「レクチャーの新しいあり方 ルーブル・DNPミュージアムラボ」
てくのろじ
本当の意味で「ホンモノ」を求める人たちは、どんな環境を望むだろう?
たとえばふるさと創生一億円だの、バブルであぶく銭をどう使おうかってんで、「本物の絵画」だとかひどいのになると「本物の金の延べ棒」を展示して、それだけでよしとしていた風潮があったけど、結局それではひとの集まる街づくりにはならなかった。
一枚だけ高価な本物を買うんじゃなく、同じカネを使って、たとえば精巧なレプリカでコレクションをそろえたなら、そしてそれに見合った展示環境があれば、きっとコンスタントに人は通うだろうに・・・・
そんなことを考えながら「
ルーブル・DNPミュージアムラボ」(長ッ)のバーチャルレクチャーに行ってきた。

ルーブルのレクチャーホールで収録されたこの企画、その臨場感が売り物らしく、三面マルチスクリーンが用意されている。
画質が良いのはもちろんだが、講義の内容に的確に沿った映像が用意されている。やはりハードもさることながらソフトが大事だ。

ひとつ残念なのが字幕。
たしかに常識的に考えれば、演者の映っている画面にその話している内容がインポーズされるのが自然なのだが、この場合聴衆は話し手ではなく、
映された美術品を見ながら講義を聴いているのだ。
したがって当然字幕は「ヒト」ではなく「モノ」に合わせて映写されないと観難いことこの上ない。
とはいえ、その辺は瑣末な技術的なこと。今後の改善を期待しよう。
さて、話を最初に戻そうか。
箱物行政で、立派な公会堂をつくったはいいが肝心の企画がなくて、結局カラオケ大会にしか使っていないなんて話しはよく聞く。

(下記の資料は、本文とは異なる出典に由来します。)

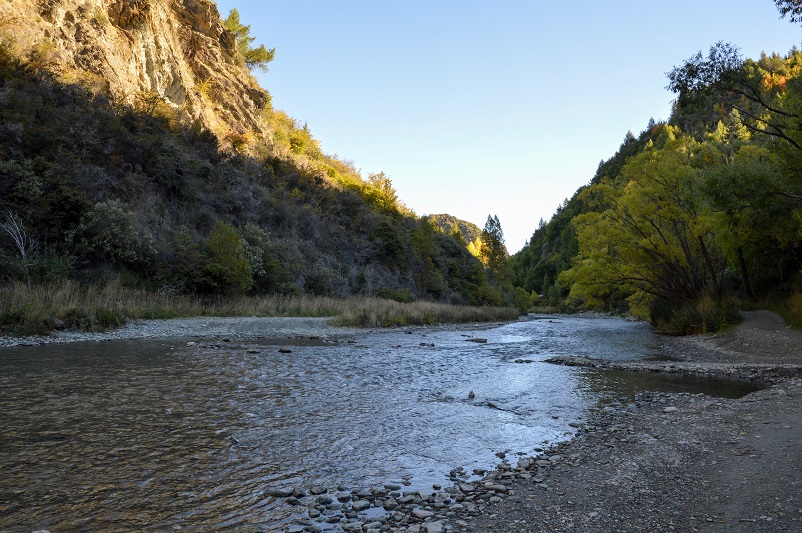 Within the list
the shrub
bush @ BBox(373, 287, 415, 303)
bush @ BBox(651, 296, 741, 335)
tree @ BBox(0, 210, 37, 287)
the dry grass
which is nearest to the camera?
tree @ BBox(0, 210, 37, 287)

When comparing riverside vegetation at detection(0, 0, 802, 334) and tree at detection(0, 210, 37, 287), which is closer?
riverside vegetation at detection(0, 0, 802, 334)

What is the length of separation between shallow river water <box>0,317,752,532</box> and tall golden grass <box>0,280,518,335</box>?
2.95 m

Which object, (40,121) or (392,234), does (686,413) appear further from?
(392,234)

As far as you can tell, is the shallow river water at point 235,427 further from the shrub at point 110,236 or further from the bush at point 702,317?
the bush at point 702,317

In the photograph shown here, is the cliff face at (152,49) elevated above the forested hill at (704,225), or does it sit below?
above

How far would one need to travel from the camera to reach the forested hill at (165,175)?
71.9ft

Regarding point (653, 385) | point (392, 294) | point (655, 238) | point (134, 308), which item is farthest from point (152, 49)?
point (653, 385)

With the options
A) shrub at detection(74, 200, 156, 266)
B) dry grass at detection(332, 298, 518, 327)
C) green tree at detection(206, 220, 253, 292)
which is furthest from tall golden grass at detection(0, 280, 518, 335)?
shrub at detection(74, 200, 156, 266)

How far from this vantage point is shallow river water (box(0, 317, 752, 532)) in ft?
13.5

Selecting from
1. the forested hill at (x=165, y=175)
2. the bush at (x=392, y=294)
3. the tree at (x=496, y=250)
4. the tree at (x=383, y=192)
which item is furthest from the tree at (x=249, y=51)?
the tree at (x=496, y=250)

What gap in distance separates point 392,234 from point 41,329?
37325 mm

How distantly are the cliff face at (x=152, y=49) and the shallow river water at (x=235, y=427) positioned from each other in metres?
26.4

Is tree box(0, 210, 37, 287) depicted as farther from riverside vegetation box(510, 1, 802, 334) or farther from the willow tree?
the willow tree

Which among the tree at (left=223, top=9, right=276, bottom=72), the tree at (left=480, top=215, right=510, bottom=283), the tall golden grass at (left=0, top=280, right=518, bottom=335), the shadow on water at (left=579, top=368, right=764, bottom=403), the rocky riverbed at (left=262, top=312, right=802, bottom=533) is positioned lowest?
the shadow on water at (left=579, top=368, right=764, bottom=403) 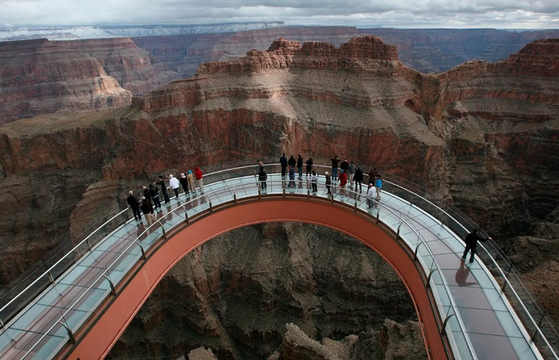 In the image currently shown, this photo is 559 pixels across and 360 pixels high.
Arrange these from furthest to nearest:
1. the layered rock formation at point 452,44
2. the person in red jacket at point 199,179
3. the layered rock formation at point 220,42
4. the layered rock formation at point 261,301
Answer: the layered rock formation at point 452,44, the layered rock formation at point 220,42, the layered rock formation at point 261,301, the person in red jacket at point 199,179

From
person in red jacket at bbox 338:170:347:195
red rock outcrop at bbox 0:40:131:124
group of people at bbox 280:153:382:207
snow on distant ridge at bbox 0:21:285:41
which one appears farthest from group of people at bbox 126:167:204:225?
snow on distant ridge at bbox 0:21:285:41

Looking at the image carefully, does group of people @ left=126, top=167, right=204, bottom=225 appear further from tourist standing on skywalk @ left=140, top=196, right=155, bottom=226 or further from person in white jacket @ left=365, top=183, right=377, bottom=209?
person in white jacket @ left=365, top=183, right=377, bottom=209

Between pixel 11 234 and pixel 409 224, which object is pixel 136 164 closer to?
pixel 11 234

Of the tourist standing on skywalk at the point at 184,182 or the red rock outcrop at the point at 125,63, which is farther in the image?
the red rock outcrop at the point at 125,63

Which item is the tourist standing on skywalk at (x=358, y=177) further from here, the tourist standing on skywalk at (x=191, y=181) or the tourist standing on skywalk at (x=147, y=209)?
the tourist standing on skywalk at (x=147, y=209)

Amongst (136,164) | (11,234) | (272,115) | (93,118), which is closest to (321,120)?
(272,115)

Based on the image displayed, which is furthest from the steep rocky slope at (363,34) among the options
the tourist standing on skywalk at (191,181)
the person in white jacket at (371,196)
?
the person in white jacket at (371,196) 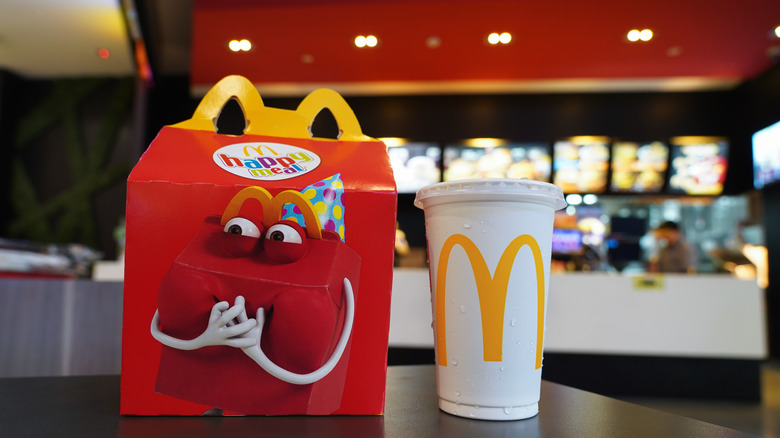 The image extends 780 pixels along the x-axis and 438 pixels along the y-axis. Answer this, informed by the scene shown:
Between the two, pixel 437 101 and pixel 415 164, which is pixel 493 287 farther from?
pixel 437 101

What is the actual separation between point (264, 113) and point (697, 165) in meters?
4.94

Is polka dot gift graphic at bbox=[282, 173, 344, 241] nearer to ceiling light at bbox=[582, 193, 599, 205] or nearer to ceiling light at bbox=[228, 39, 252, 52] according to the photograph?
ceiling light at bbox=[228, 39, 252, 52]

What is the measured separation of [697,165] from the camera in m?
4.70

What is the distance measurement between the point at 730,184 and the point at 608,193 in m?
1.09

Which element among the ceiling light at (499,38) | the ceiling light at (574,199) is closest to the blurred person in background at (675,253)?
the ceiling light at (574,199)

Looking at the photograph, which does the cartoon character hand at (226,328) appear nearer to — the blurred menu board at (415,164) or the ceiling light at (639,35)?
the ceiling light at (639,35)

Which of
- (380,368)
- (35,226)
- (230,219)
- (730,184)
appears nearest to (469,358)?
(380,368)

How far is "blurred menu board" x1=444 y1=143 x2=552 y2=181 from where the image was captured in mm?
4742

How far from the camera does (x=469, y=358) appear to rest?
57 centimetres

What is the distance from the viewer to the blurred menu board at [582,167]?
4.73 metres

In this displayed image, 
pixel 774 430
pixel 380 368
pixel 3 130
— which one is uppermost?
pixel 3 130

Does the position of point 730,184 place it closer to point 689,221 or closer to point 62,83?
point 689,221

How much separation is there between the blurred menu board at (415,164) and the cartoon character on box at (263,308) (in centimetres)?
416

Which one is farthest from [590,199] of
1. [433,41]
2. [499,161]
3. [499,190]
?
[499,190] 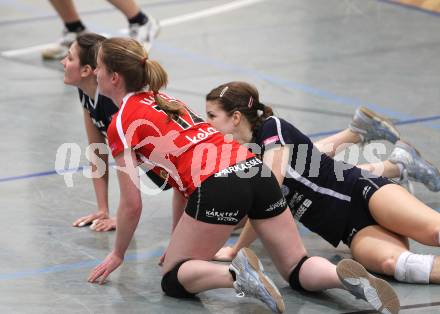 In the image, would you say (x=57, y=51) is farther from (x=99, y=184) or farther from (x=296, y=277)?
(x=296, y=277)

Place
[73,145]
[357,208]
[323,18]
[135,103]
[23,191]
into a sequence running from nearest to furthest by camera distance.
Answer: [135,103] < [357,208] < [23,191] < [73,145] < [323,18]

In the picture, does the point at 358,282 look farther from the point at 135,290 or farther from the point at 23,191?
the point at 23,191

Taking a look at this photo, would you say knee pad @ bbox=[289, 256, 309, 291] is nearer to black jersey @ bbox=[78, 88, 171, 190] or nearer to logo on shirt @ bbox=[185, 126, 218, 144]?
logo on shirt @ bbox=[185, 126, 218, 144]

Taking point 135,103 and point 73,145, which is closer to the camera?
point 135,103

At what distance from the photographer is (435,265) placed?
404 cm

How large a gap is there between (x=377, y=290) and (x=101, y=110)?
158 cm

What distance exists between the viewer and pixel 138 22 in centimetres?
737

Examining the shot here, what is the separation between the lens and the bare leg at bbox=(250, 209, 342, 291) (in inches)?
154

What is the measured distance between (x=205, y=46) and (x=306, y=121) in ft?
6.46

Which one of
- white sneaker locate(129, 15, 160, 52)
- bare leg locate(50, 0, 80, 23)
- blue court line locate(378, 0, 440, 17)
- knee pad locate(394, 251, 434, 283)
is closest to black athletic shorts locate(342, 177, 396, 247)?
knee pad locate(394, 251, 434, 283)

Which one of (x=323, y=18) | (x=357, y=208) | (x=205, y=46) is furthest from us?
(x=323, y=18)

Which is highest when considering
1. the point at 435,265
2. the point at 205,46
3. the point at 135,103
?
the point at 135,103

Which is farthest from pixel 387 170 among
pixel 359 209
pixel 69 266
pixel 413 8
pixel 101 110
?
pixel 413 8

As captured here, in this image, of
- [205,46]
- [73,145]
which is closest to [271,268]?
[73,145] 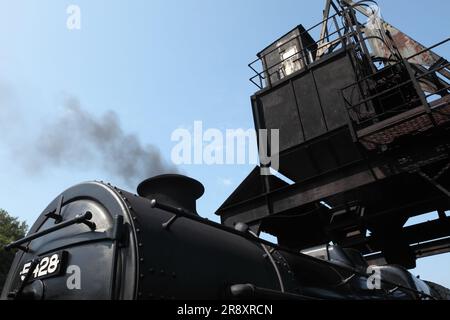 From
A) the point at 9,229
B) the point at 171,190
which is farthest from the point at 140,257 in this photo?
the point at 9,229

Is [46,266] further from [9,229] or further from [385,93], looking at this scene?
[9,229]

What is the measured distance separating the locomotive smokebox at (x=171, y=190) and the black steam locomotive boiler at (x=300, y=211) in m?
0.01

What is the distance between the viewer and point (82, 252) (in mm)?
3158

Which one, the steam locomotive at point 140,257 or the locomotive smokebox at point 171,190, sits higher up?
the locomotive smokebox at point 171,190

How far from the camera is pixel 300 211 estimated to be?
9.30m

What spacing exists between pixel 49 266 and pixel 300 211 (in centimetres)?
691

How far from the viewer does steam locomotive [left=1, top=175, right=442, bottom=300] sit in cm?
284

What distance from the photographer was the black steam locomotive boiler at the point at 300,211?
3055mm

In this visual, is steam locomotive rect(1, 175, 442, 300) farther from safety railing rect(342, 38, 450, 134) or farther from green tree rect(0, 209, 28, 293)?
green tree rect(0, 209, 28, 293)

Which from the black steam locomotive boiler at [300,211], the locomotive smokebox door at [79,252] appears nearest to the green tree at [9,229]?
the black steam locomotive boiler at [300,211]

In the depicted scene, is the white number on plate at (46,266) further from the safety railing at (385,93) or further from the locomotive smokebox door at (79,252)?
the safety railing at (385,93)

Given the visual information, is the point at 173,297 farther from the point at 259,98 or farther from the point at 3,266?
the point at 3,266

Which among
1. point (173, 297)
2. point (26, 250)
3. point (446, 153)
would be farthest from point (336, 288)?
point (446, 153)

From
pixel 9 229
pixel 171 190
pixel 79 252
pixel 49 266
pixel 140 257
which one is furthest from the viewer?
pixel 9 229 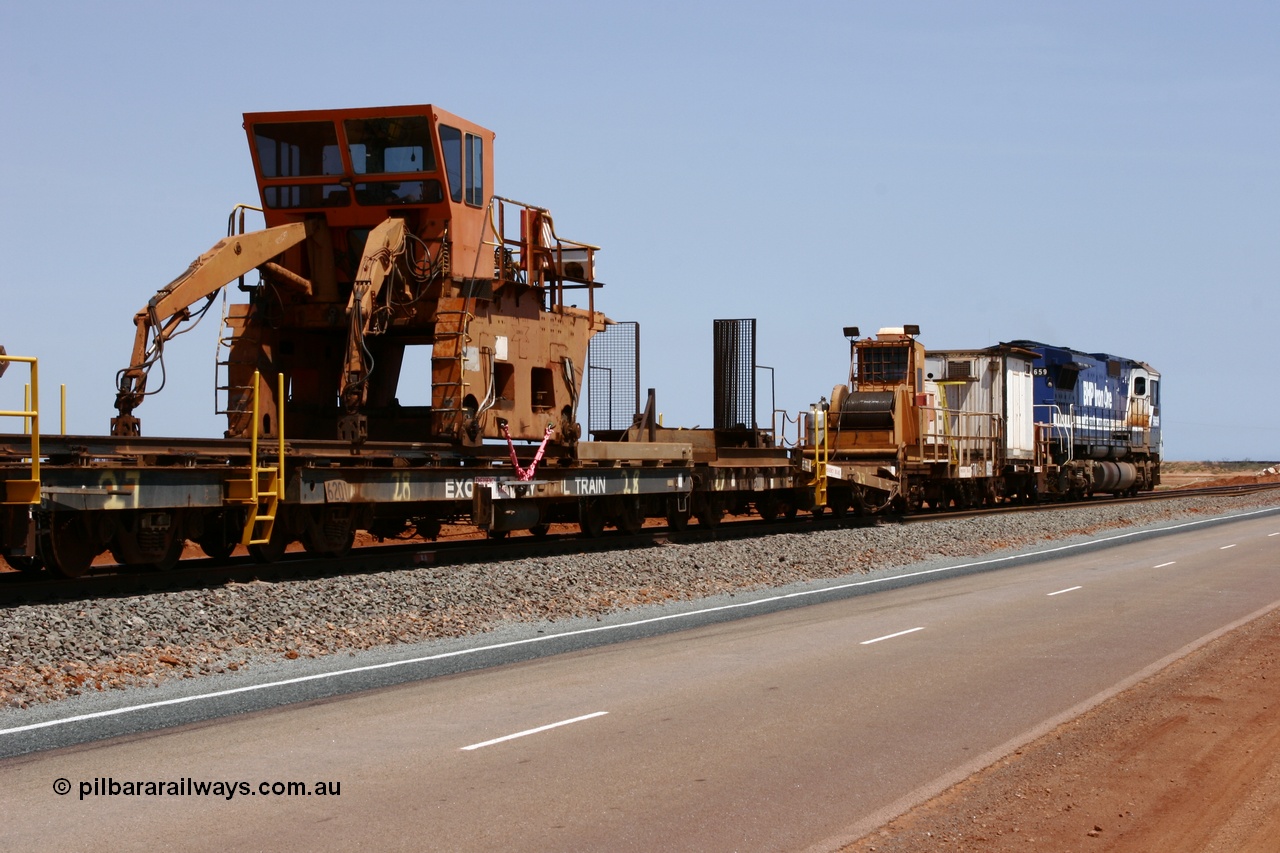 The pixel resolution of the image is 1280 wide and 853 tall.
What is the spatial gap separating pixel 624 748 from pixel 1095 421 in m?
37.3

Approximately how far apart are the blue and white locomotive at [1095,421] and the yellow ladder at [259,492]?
1051 inches

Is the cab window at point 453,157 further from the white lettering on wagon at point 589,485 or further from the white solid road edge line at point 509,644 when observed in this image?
the white solid road edge line at point 509,644

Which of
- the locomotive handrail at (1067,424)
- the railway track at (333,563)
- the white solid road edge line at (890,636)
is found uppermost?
the locomotive handrail at (1067,424)

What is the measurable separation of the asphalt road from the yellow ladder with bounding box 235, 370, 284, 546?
3.79 m

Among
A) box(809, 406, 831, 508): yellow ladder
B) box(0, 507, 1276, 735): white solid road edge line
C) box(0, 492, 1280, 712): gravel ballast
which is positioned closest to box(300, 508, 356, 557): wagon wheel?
box(0, 492, 1280, 712): gravel ballast

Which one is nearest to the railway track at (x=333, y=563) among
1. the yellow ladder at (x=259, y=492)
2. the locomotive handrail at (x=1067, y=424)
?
the yellow ladder at (x=259, y=492)

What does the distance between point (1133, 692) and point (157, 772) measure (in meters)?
6.39

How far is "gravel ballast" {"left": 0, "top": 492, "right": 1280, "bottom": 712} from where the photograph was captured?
9.63m

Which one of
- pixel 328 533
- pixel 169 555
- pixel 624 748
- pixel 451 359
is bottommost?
pixel 624 748

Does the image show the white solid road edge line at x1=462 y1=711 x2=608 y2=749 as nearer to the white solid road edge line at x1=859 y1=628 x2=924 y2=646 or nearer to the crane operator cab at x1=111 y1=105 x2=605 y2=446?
the white solid road edge line at x1=859 y1=628 x2=924 y2=646

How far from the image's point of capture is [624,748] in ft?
24.6

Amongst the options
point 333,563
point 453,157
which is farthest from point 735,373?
point 333,563

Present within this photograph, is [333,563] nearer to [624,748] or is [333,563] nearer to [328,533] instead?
[328,533]

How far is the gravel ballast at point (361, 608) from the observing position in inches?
379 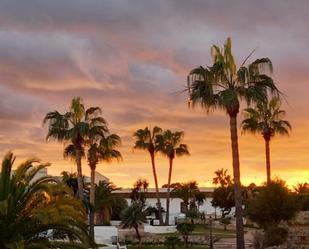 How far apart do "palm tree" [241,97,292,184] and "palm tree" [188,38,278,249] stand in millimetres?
22927

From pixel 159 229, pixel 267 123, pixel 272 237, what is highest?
pixel 267 123

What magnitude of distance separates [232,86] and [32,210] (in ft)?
42.3

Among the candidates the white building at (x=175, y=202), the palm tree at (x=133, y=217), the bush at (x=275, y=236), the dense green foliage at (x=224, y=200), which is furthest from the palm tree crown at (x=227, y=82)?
the white building at (x=175, y=202)

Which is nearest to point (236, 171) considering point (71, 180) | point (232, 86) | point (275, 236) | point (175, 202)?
point (232, 86)

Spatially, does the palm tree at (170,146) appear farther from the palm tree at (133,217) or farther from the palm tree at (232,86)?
the palm tree at (232,86)

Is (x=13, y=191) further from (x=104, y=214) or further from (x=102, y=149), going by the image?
(x=104, y=214)

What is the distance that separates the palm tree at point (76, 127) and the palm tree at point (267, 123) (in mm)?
14902

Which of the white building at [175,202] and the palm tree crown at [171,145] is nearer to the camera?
the palm tree crown at [171,145]

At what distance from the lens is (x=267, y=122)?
5250cm

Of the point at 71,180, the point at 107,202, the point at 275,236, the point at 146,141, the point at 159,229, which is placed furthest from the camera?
the point at 146,141

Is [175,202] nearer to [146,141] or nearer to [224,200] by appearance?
[224,200]

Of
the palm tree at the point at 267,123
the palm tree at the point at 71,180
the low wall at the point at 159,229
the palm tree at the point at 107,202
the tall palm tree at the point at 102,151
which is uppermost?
the palm tree at the point at 267,123

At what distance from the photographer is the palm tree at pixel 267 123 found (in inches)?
2026

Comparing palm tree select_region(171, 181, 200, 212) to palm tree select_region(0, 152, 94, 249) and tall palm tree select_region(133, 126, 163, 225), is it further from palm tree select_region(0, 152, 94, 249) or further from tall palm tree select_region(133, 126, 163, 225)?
palm tree select_region(0, 152, 94, 249) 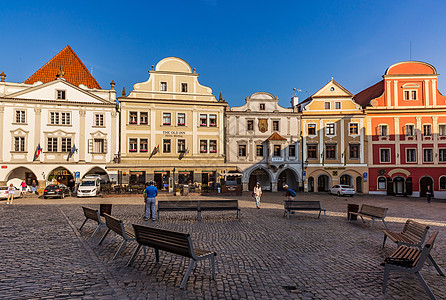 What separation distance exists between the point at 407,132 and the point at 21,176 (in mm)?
41901

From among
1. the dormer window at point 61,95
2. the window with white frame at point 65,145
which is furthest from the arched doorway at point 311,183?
the dormer window at point 61,95

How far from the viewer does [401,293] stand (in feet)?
16.8

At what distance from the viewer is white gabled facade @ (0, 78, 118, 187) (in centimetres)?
2895

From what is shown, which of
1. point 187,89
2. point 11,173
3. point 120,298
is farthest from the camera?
point 187,89

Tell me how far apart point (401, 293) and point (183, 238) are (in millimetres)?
3876

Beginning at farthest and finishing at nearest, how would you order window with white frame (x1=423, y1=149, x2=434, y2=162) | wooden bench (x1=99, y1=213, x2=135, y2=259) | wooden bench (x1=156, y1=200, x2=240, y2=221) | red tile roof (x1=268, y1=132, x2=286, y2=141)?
window with white frame (x1=423, y1=149, x2=434, y2=162)
red tile roof (x1=268, y1=132, x2=286, y2=141)
wooden bench (x1=156, y1=200, x2=240, y2=221)
wooden bench (x1=99, y1=213, x2=135, y2=259)

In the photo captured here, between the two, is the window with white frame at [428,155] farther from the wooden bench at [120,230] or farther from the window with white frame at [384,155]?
the wooden bench at [120,230]

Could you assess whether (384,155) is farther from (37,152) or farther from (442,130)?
(37,152)

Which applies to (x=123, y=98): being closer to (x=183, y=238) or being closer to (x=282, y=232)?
(x=282, y=232)

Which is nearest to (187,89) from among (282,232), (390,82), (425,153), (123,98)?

そのようなところでも今回見たようなバーチャル講演会なら比較的容易に開催することが可能だろう。
ハード面の特殊性は、比較的容易に普及型が作ることが出来るだろう。やはり重要なのはソフトなのだ。
それも内容だけではない、見せかたがものを言う。
その点はさすがルーブルだ、三つのスクリーンの切り替えなども講義の展開に沿って自然で、話がすっと頭に入りやすい(あとは字幕の見やすさ、です)。
今回はパリ、ルーブル美術館で行なわれたレクチャーを、東京は品川で聴いたわけだが、いやなんのことはない、その気になれば日本のどんな村に居たって同じものを見ることが出来るのだ。
見せ方のノウハウさえあれば、どこからでも世界中に向けてレクチャーすることも可能だ。
って文字で読んでてもわからないでしょうから、東京近郊の方はぜひ一度試してください。次回は4月5日(土)、イスラム美術について(詳しくは
こちら)。アチキも行きます。
また、ルーブルの美術品をいろんな角度から展示も行なっている。
こちらは4月5日から「都市スーサとその陶器、イスラム時代の創成期」と称して9月まで。これも予約が必要で、
こちらから。
あ、ちなみにレクチャー、展示ともに予約は要るけどお金は要らない(^^♪。ちょっと嬉しい企画であります。